Amid a swirling spring snowstorm, an assistant in Agrium Ltd.'s investor relations department decided to work from home to avoid a drive on the slippery highway between her home south of Calgary and the company office in the city.

Going to work might have been easier.

Thursday morning, she attempted to send out an announcement by e-mail to the people on Agrium's investor-information list about an upcoming investors conference.

On the first go, the system randomly attached a one-page PDF that had the work history of an Agrium employee.

A second try six minutes later worked with the proper PDF attached. But a third e-mail 40 minutes thereafter that apologized for the confusion, blaming an "IT issue," went out with another PDF randomly attached by the system.

This PDF, like the others, looked innocuous, entitled: "AN 010-004 Agrium to present at Investor Conference."

But the file - when opened, stamped "restricted & confidential" in capped red letters - contained partial first-quarter financial information that wasn't supposed to be issued until next Wednesday.

Agrium yesterday quickly realized its mistake. The company immediately alerted its lawyers, the Toronto Stock Exchange and the New York Stock Exchange.

By mid-afternoon in Toronto and New York, Agrium put out a terse press release titled "inadvertent release of information" that stated that it had accidentally released key information: sales, gross profit and EBITDA of Agrium's wholesale division (which last quarter accounted for about half of Agrium's business).
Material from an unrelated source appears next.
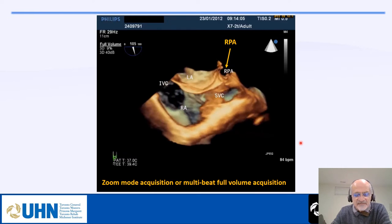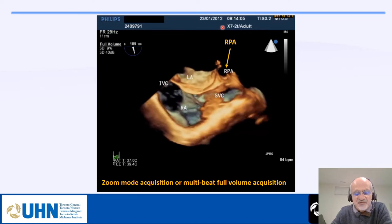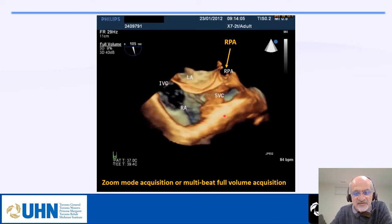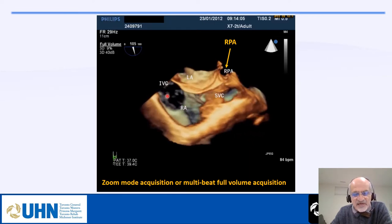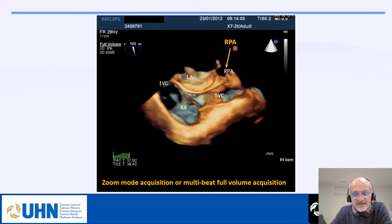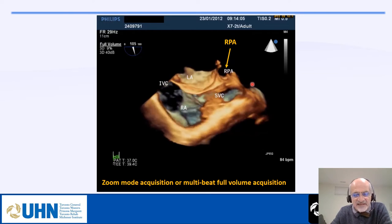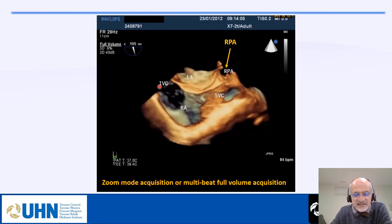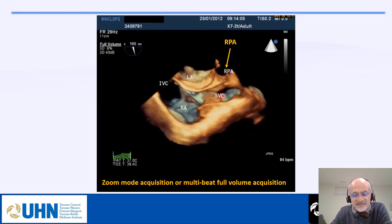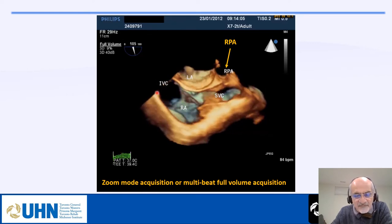This is either a zoom acquisition or full volume — this is a full volume from 2012. You can see the SVC, the right atrium, the tricuspid valve, part of the IVC, the left atrium, and the right pulmonary artery. It is very important to note that the SVC and IVC are not in exactly the same plane — the SVC is more anterior and the IVC is more posterior.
Though Agrium didn't say it, sales for the division were up 14 per cent from a year ago.

While rare, technology gremlins have struck in similar ways before. Five years ago, Petro-Canada and CNW Group briefly published the French version of the company's second-quarter results online a day and a half early before yanking it back. The document revealed a dividend increase and a share split that hadn't yet technically been approved by Petrocan's board.

As Agrium worked on its press release yesterday, the stock wasn't halted because the financial information in the accidentally released PDF wasn't considered material, according to an assessment by Investment Industry Regulatory Organization of Canada, which conducts market surveillance for the TSX.

"Big screw-up - I feel sorry for them," said independent industry analyst Chris Damas. He said he had never seen the level of detail provided in the PDF - Agrium broke down sales and profit by various sites where the company operates - but at the same time the figures were not massively revealing.

The stock was mostly unaffected. After the accidental release, which occurred at 11:28 a.m. ET, the stock barely budged, floating between $62 and $62.50 on light trading volume. There was a pop to about $64 just before the official press release but Agrium and the TSX noted that stock of industry rival Potash Corp. was also rising at the same time, just after Potash completed its first-quarter conference call.

Agrium as of yesterday afternoon had not yet figured out what went wrong. "The key is to find what happened with the technology and get it fixed," said Richard Downey, head of investor relations.